3.4 Method of Analysis

Different methods of QTL mapping have been discussed in the earlier sections. The choice of method for QTL analysis also influences the outcome of the study. For example, ICIM has been found to be more powerful in separating tightly linked QTLs than the commonly used IM [148]. As has been discussed, the importance of interacting QTLs (QQ, QE, and QQE) cannot be underestimated. Therefore, while conducting any QTL analysis, it is necessary to choose the appropriate method that will not only identify main effect QTLs, but also different interactions with higher precision.

4 Computer Programs for QTL Analysis

Over the years, several QTL mapping approaches have been proposed, making it possible to identify thousands of marker-trait associations in crop plants. Credit for these studies also goes partly to the availability of different computer programs that facilitated these studies in a rapid manner. Since the development of the popular computer program MAPMAKER/QTL [158], large numbers of such programs are now available that can be efficiently used for the identification of QTLs using either biparental QTL mapping or association mapping. The majority of these programs are available free of cost. In recent years a shift has also been seen from the use of standalone programs to open-source environments like R. It can run on a variety of platforms and has the same ability as statistical computing and graphics (http://www.r-project.org/). A comprehensive, though not exhaustive, list of different types of software that can perform QTL analysis, along with their features, are given in Table 3. Similarly, a detailed list of computer programs available for AM is given in Gupta et al. [114].

Table 3 List of computer programs available for QTL analysis

5 Conclusion and Outlook

During the last two decades or more, significant progress has been witnessed in the studies involving complex quantitative traits in crop plants. This has been facilitated by the availability of the cost-effective high-throughput genotyping techniques as well as the constantly improving area of statistical genomics. Several of the identified QTLs for various traits have been, and are being, successfully used in the crop improvement programs following MAS. Starting from SMA and SIM to ICIM, and more recently BIM, QTL-mapping approaches have evolved over the years. These advances not only improved the understanding and precision of the QTL-mapping results but also the outcome of the MAS program. The increasing emphasis on the identification of interacting QTLs (QQ, QE, and QQE) has also provided a new dimension to the traditional QTL mapping studies. With growing interest in the area of genetical genomics involving eQTL, pQTL, and mQTL, coupled with generalized genetical genomics, it is expected that a better understanding about the biosynthetic pathways underlying complex traits will be gained.

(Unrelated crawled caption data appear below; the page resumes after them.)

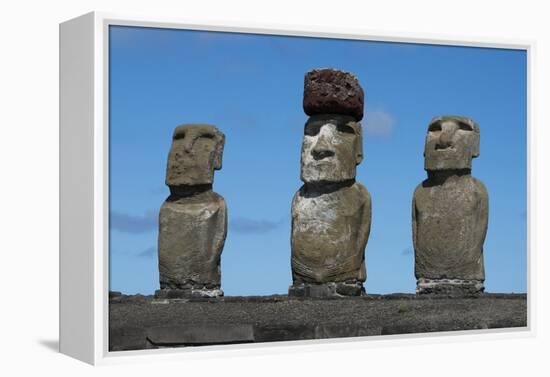 Chile, Easter Island, Rapa Nui NP, Ahu Tongariki. Moai with Pukao-Cindy Miller Hopkins-Framed Premier Image Canvas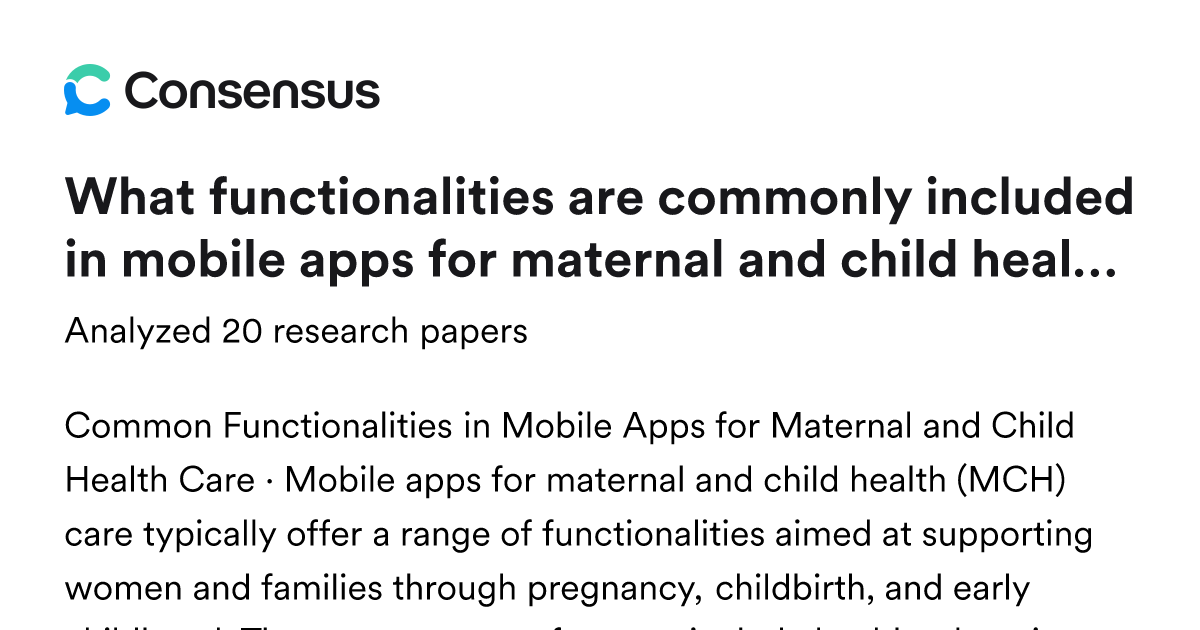 What functionalities are commonly included in mobile apps for maternal ...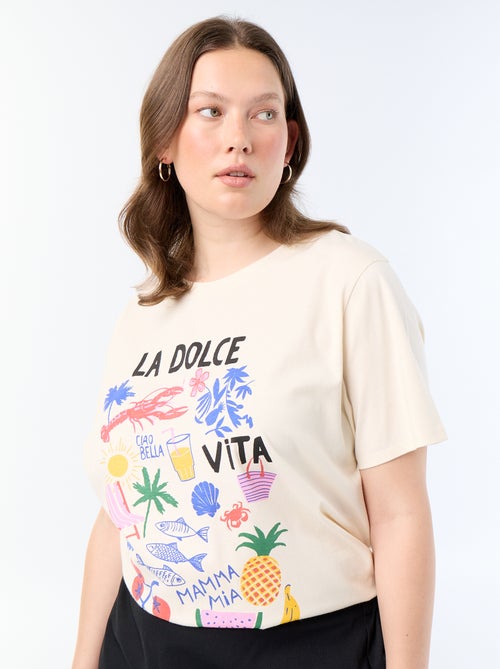 T-shirt de manga curta com estampado - Kiabi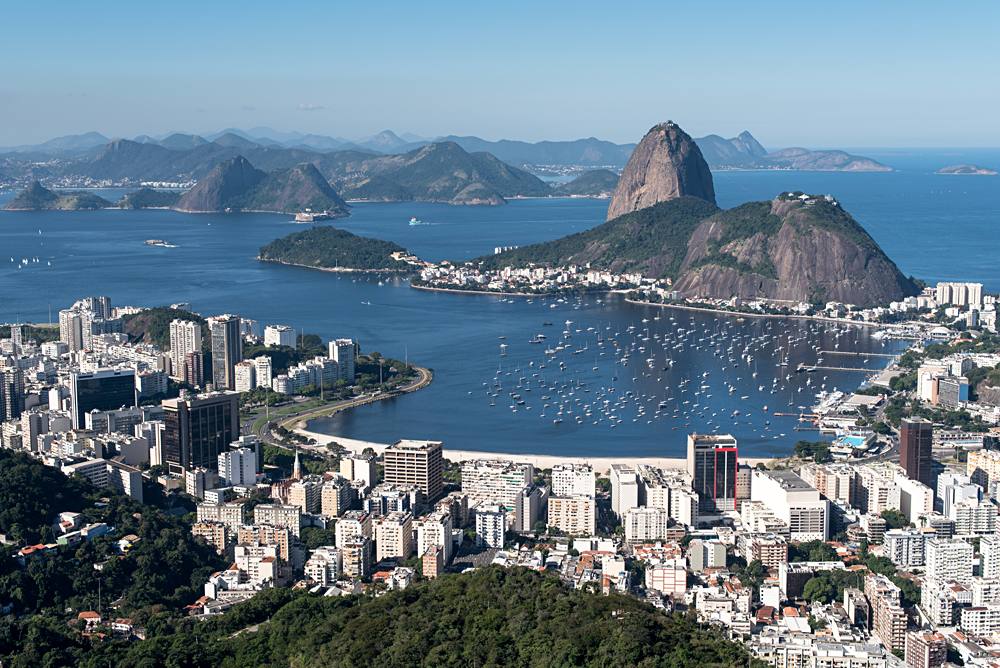 Aerial View of Rio De Janeiro looking towards Sugarloaf Mountain and the Atlantic, Brazil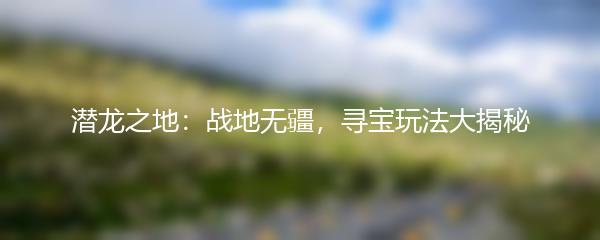 潜龙之地战地无疆 寻宝玩法大揭秘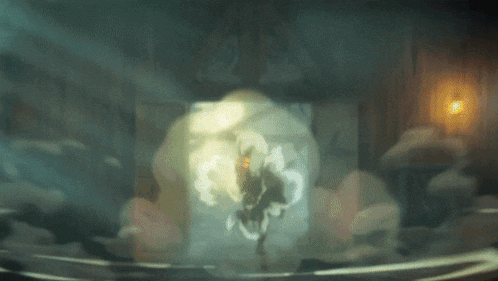 a painting of a man holding a sword in a dark room with smoke coming out of it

In the future, the approaches of biparental QTL mapping as well as of AM/GWAS, either performed independently or in combination, will be used in many more crops using the recent advances in genomics. Methods like JLAM have the ability to harvest the benefits of both the approaches together as has been successfully demonstrated in maize [150, 181]. Similarly, the recent advances in the area of GS will address the issue of minor QTLs by way of considering the effects of all the markers simultaneously. Thus, it is evident that the progress made in the area of QTL mapping is huge and will be further benefited by recent advances in computational tools. The success will translate into the crop-improvement programs of the future.